OAKLAND – A’s manager Bob Melvin took one look in Sonny Gray’s eyes Tuesday and knew good things were in store from his right-hander.
Gray was back in vintage form against the Los Angeles Angels, racking up strikeouts and showing off a slider that gives opponents one more pitch to fret over.
But it wouldn’t be the A’s unless things were somehow off-kilter, no? With their young starter mowing down hitters, Oakland couldn’t break through against Angels lefty Wade LeBlanc, he of the 5.24 ERA coming into Tuesday.
Home plate seemed like some distant, unreachable destination for A’s base runners in a 2-0 defeat before an energized home crowd at the Coliseum. Oakland advanced just two runners as far as third base, as those good offensive vibes from the previous two days didn’t carry over.
[RECAP: Gray, A's edged out by Angels 2-0]

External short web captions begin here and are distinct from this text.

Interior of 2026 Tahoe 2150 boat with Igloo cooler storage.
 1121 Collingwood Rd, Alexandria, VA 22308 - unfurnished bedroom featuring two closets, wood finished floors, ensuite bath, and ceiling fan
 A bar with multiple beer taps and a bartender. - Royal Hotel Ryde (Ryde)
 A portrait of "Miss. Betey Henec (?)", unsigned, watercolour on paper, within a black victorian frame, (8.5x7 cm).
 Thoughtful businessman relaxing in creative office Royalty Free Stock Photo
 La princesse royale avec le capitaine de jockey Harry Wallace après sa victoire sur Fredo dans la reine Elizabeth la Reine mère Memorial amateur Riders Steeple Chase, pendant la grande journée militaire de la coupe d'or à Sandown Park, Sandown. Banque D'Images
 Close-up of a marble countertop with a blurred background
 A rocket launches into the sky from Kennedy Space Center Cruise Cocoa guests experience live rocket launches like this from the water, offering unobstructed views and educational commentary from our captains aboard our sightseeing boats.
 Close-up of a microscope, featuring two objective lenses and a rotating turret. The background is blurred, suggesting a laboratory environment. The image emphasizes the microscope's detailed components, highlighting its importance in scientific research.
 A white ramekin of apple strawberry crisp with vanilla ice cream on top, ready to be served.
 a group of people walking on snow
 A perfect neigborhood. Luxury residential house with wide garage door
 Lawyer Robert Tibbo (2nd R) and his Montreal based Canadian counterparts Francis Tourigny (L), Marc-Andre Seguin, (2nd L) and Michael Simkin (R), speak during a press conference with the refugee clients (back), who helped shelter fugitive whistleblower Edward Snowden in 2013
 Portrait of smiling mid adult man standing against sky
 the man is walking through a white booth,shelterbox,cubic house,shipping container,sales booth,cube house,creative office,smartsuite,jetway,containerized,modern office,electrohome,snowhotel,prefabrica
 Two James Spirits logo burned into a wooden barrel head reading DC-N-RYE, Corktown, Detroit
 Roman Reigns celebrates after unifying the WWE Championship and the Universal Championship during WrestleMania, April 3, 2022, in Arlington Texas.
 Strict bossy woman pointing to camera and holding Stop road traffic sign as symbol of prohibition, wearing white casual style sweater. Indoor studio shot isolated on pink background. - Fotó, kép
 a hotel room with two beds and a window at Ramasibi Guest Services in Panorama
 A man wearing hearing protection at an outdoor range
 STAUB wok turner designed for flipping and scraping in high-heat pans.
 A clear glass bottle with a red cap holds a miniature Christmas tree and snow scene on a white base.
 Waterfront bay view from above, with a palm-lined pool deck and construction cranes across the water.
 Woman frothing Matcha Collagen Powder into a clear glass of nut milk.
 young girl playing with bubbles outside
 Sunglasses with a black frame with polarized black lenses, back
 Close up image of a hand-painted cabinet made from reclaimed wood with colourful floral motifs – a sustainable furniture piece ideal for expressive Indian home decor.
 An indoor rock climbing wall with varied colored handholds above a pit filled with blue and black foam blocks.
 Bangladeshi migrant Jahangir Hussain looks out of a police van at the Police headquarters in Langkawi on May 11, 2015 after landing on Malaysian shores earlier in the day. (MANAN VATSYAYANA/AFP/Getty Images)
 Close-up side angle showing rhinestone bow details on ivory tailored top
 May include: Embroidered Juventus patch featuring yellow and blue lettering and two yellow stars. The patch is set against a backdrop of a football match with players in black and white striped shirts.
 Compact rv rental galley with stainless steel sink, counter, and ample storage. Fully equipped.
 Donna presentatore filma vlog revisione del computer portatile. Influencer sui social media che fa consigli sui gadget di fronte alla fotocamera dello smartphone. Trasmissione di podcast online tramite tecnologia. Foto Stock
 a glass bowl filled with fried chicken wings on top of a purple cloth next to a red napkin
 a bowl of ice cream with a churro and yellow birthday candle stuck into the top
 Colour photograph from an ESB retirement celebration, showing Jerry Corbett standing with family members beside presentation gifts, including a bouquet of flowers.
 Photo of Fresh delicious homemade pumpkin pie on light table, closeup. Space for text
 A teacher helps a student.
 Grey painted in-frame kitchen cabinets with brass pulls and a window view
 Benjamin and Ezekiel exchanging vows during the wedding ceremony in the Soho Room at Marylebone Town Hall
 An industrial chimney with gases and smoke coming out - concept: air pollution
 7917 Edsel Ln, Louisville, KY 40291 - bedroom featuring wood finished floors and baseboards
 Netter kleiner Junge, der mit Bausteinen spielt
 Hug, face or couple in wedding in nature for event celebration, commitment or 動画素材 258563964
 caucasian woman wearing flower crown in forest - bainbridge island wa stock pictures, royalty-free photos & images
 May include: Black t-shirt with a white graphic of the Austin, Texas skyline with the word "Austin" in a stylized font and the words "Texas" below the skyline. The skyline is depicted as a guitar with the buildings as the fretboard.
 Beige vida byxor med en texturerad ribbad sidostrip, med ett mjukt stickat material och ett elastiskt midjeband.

The A’s haven’t won three consecutive games since Aug. 7-9. Though they inched closer to a wild-card berth thanks to the Seattle Mariners’ continued slide, Tuesday’s performance at the plate again raised doubts about what they’ll be able to do if they are indeed part of the five-team American League playoff field.
“I’d say it’s one of the major themes of the last month-and-a-half,” outfielder Sam Fuld said. “We’ve definitely had our opportunities, and we have to take advantage of that. With the way Sonny pitched, it’s unfortunate we weren’t able to come through and get a few across.”
With five games remaining, the A’s are tied with the Kansas City Royals for the AL’s top wild card spot at 86-71. The Royals, who took five of seven from Oakland in the season series, won’t be a picnic to play in a do-or-die matchup wherever it’s played. But the A’s would certainly like to claim that top spot and host the wild card game next Tuesday.
The Mariners are three games back of the A’s and Royals. The top two non-division winners earn wild card berths, and the A’s magic number is three in relation to Seattle.
Gray certainly positioned his teammates for victory. He struck out a career-high 12 over seven innings. The first run off him came when Erick Aybar raced home on a 1st-and-3rd situation in which catcher Geovany Soto didn’t as much as glance toward third before firing to second on Efren Navarro’s steal attempt.
“There was miscommunication on that,” Melvin said. “Aybar was coming down the line pretty good, and we need to stop the runner there.”
The only other damage off Gray came on Gordon Beckham’s sixth-inning solo homer.
“That was terrific,” Melvin said of Gray’s performance. “He was up for it today. You could see when he came in the dugout, the look in his eye, you could tell he was gonna get after it.”
Gray’s outing surely was a bright spot. After posting a 5.05 ERA over his previous nine starts, he gave up just three hits in his 98-pitch effort. Normally one to lean on his fastball and curve, Gray mixed in his slider and got Angels hitters to flail at it all evening.
“Everything was working pretty well,” Gray said. “My fastball had good movement and my breaking pitches, I put ‘em where I wanted.”
The A’s outhit the Angels 7-3, but unfortunately that’s not the column on the scoreboard that matters. What chances the A’s had, they squandered. They managed five hits but no runs off LeBlanc over 5 1/3 innings. They loaded the bases with two outs in the eighth against sidearm reliever Joe Smith, but Stephen Vogt flied out to right. In his previous at-bat in the sixth, with two aboard, Vogt chased a high fastball way out of the strike zone for the third out.
“I left a small village in scoring position tonight, which is really frustrating,” Vogt said.
Frustrating, but not all that unexpected from the A’s based on how the last several weeks have gone. They’re 14-27 since Aug. 10, and it’s been the rare occurrence where their pitching, hitting and defense all come together in the same game.
As for Gray, he took little consolation from his own shining performance.
“We lost. Whatever I did wasn’t good enough,” he said. “All that really matters is winning.”